Records provided:
++++++++++
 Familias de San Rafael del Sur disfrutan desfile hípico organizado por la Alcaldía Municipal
++++++++++
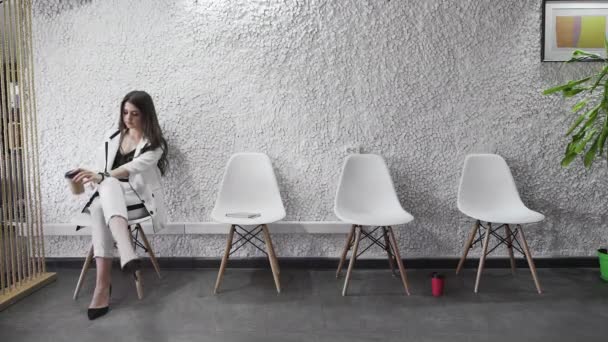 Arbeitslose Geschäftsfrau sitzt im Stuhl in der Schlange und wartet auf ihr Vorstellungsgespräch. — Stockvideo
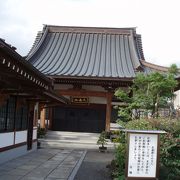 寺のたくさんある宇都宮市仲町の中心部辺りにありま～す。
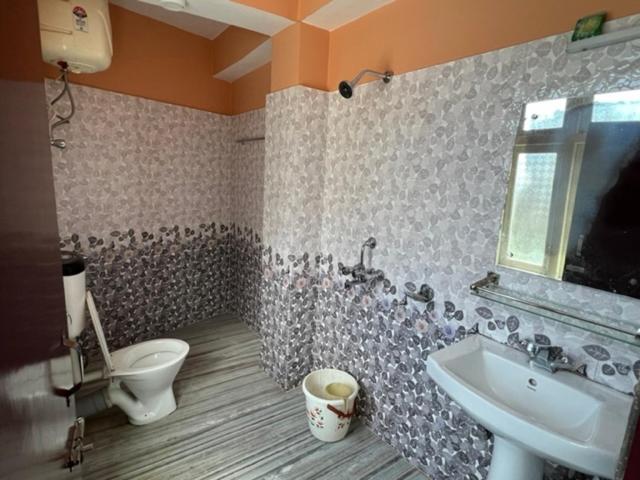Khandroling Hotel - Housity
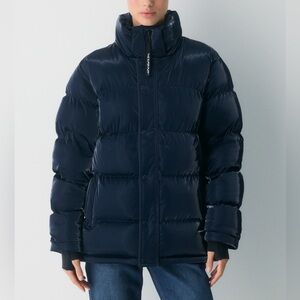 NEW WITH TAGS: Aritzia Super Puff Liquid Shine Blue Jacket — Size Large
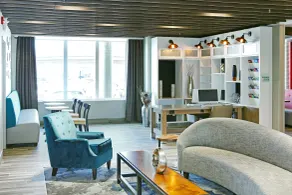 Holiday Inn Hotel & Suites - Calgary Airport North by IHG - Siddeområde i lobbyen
++++++++++
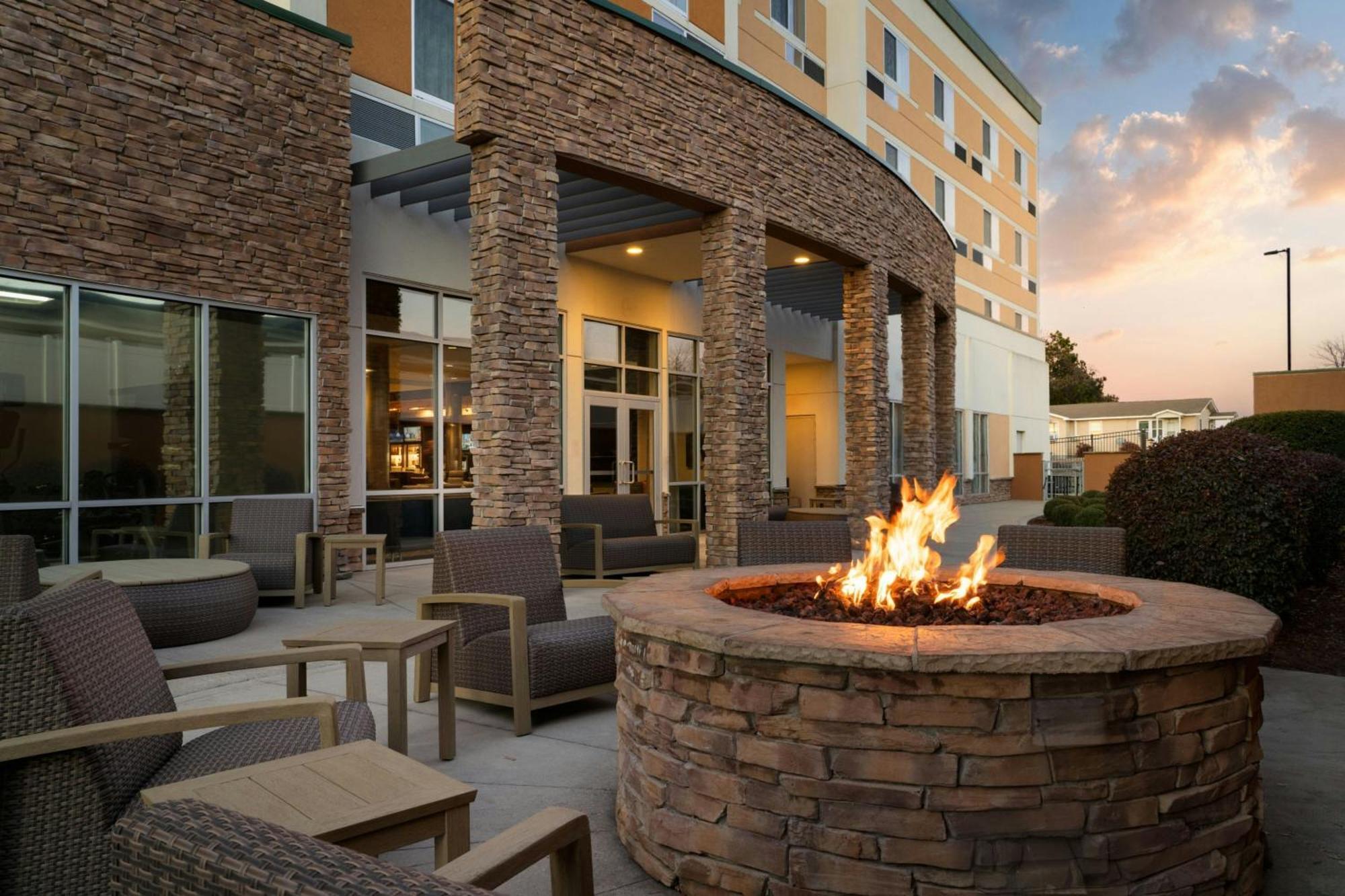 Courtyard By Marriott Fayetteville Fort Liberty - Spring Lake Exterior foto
++++++++++
Activity:
Looking above, find the stretch of lines that opens with the one holding "寺のたくさんある宇都宮市仲町の中心部辺りにありま～す。" and closes with the one holding "Holiday Inn Hotel". Copy it exactly, pictures excluded.

Output of the task:
 寺のたくさんある宇都宮市仲町の中心部辺りにありま～す。
Khandroling Hotel - Housity
 NEW WITH TAGS: Aritzia Super Puff Liquid Shine Blue Jacket — Size Large
 Holiday Inn Hotel & Suites - Calgary Airport North by IHG - Siddeområde i lobbyen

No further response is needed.